RECORDS FOR PROCESSING

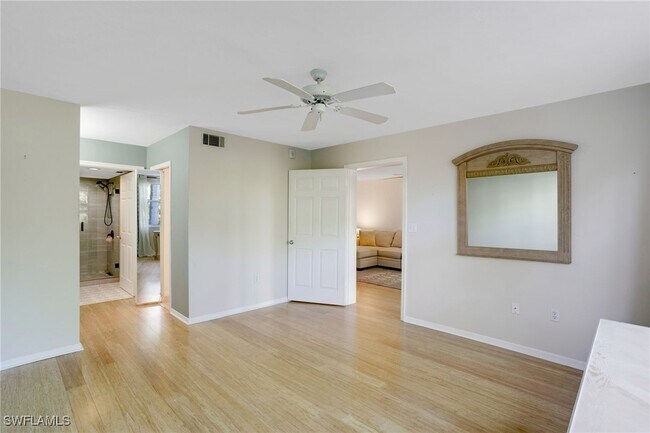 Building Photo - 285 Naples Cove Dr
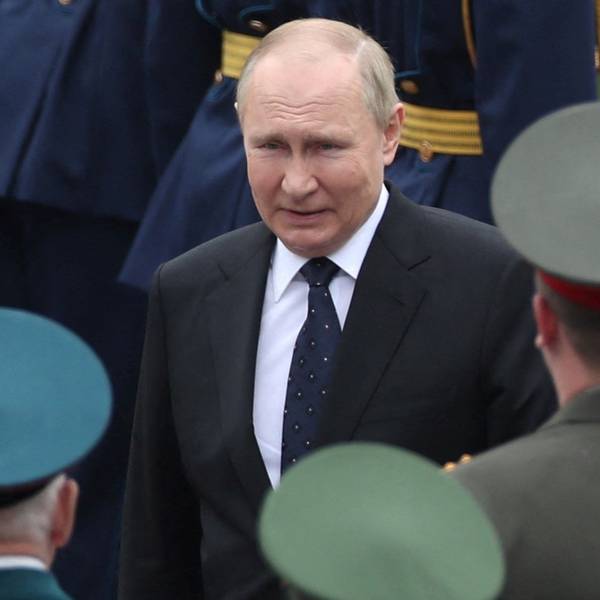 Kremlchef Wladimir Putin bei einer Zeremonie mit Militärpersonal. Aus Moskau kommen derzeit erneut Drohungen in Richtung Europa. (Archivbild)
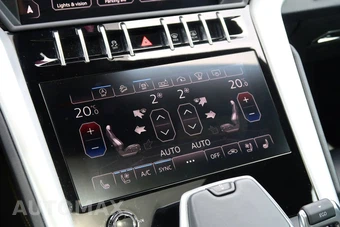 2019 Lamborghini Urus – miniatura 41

* * *

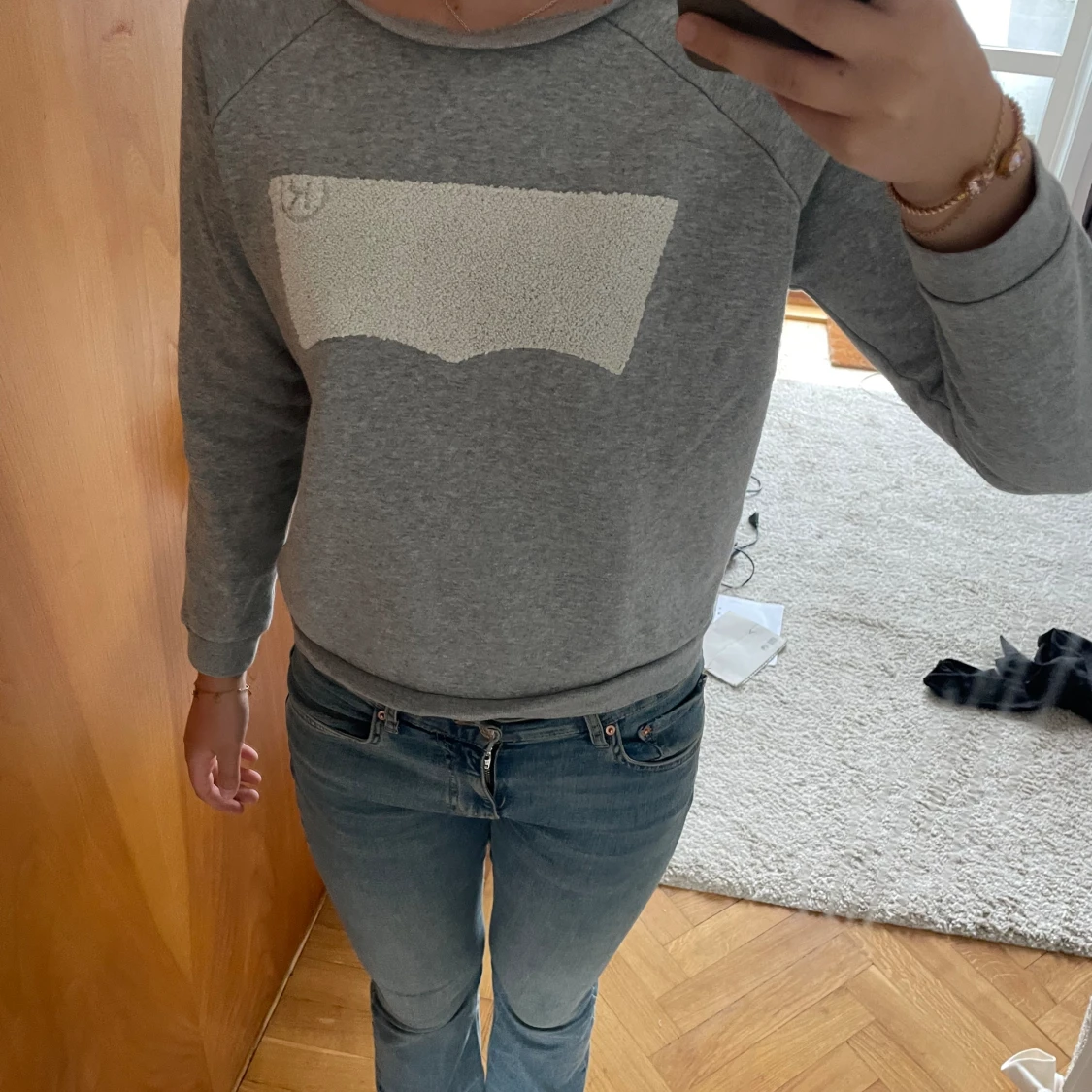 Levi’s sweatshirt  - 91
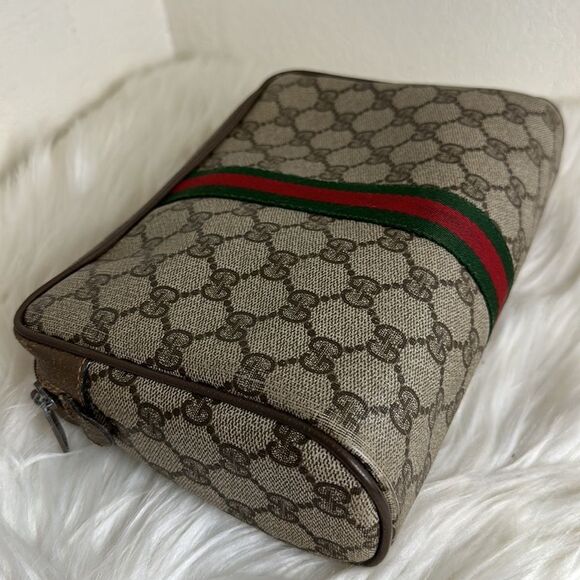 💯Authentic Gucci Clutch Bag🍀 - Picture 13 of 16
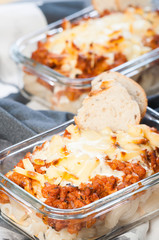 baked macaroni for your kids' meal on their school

--

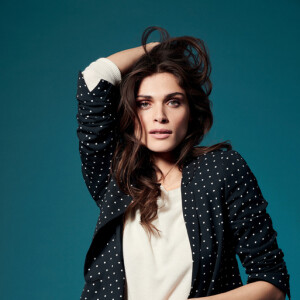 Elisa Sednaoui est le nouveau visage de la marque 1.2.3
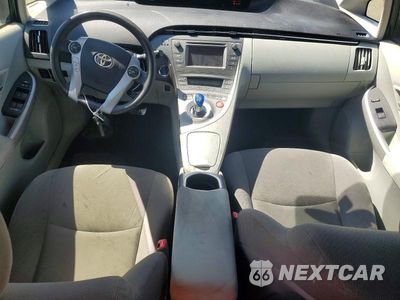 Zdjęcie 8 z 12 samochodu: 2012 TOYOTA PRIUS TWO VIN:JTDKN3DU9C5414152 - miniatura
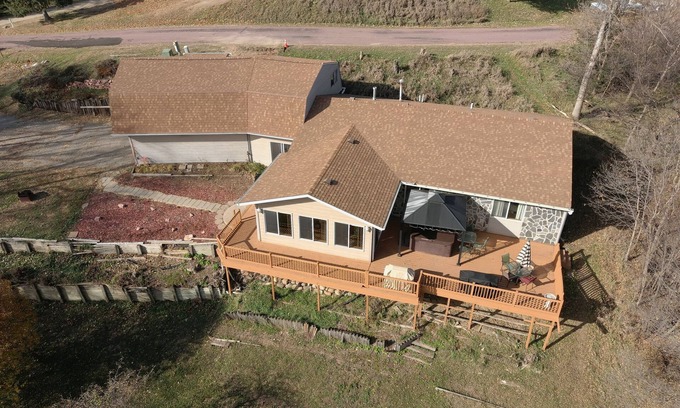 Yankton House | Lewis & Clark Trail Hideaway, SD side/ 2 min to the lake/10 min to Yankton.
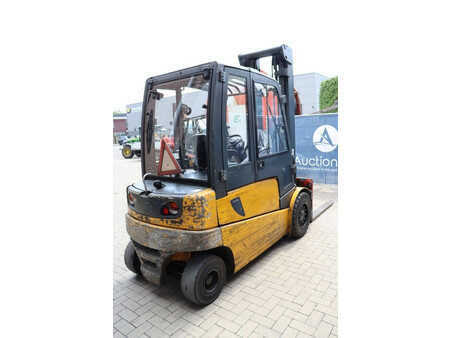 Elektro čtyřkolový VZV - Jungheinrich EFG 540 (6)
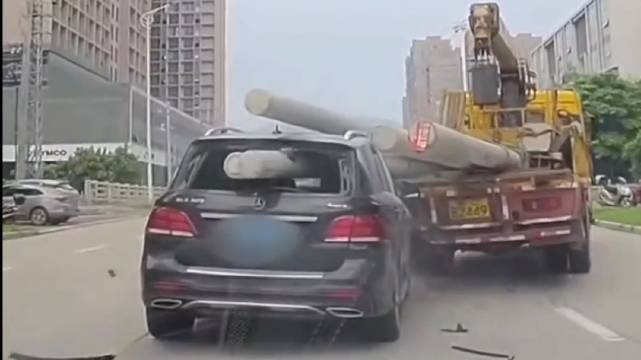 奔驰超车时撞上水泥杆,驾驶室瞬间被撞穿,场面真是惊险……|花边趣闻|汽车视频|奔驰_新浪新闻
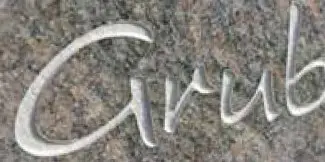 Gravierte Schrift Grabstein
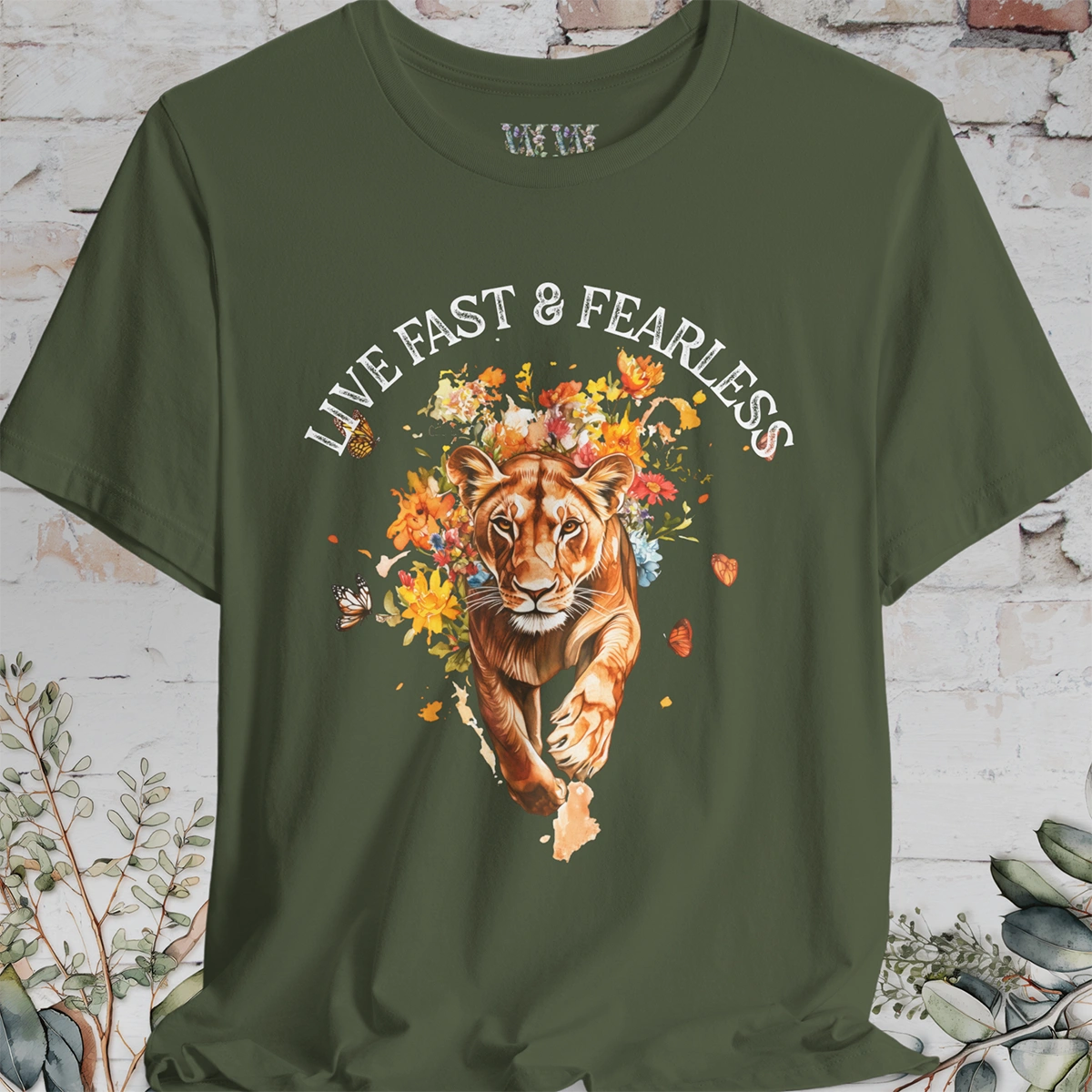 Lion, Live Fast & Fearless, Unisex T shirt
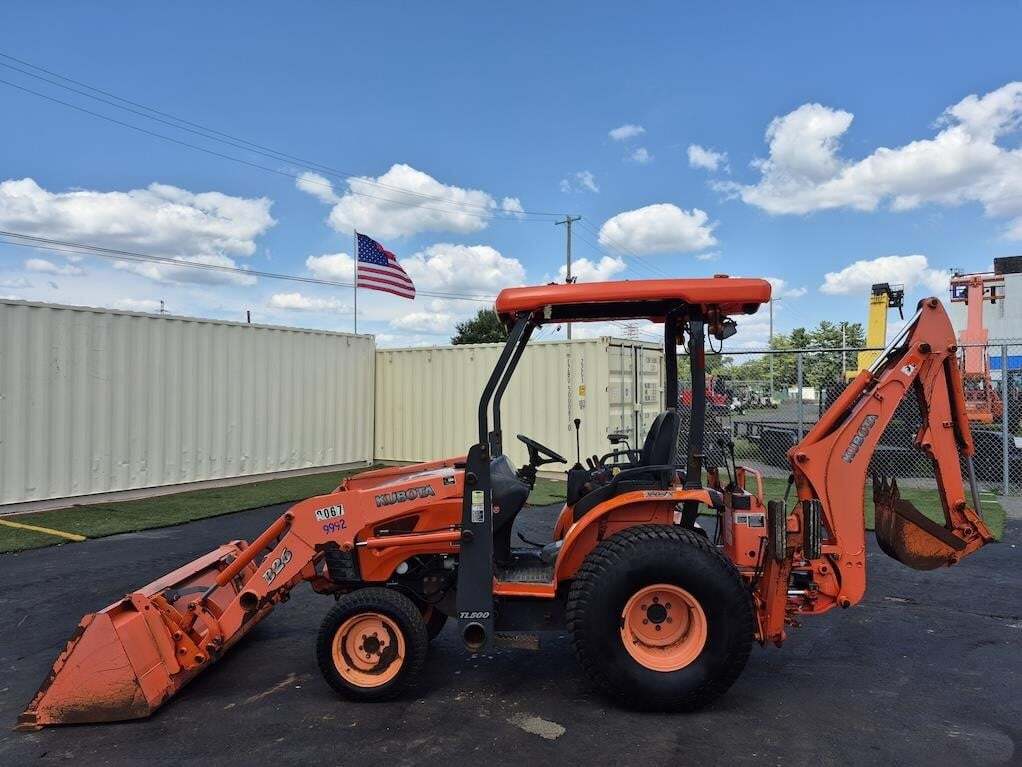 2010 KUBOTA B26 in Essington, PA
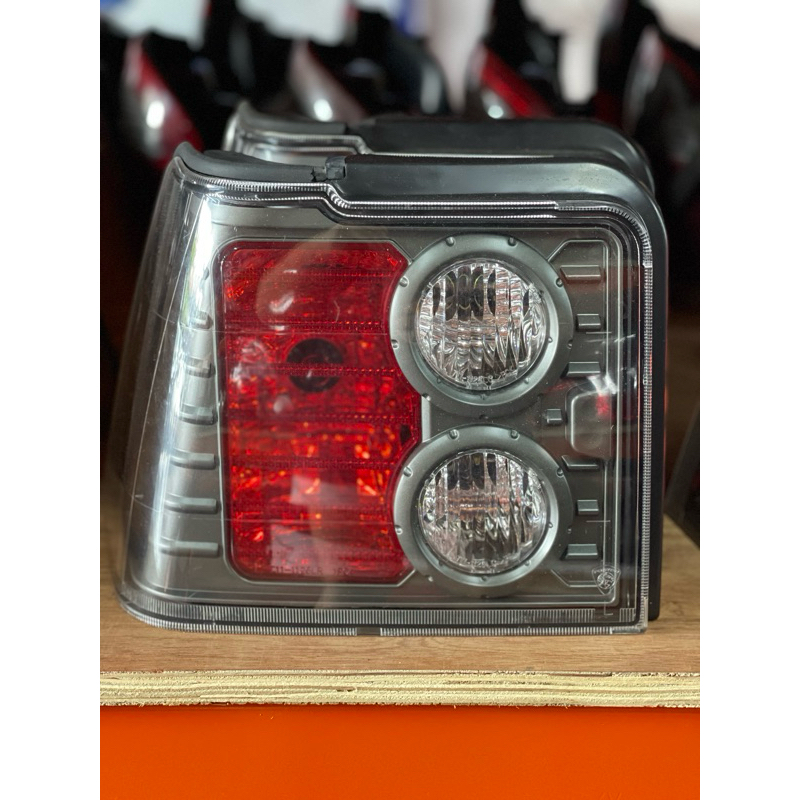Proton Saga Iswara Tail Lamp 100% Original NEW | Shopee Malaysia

TASK TO CARRY OUT
Using the data above, return the lines from the one holding "Picture 13 of 16" through the one holding "baked macaroni for" exactly, but not the pictures.

SOLVED PROBLEM
 💯Authentic Gucci Clutch Bag🍀 - Picture 13 of 16
 baked macaroni for your kids' meal on their school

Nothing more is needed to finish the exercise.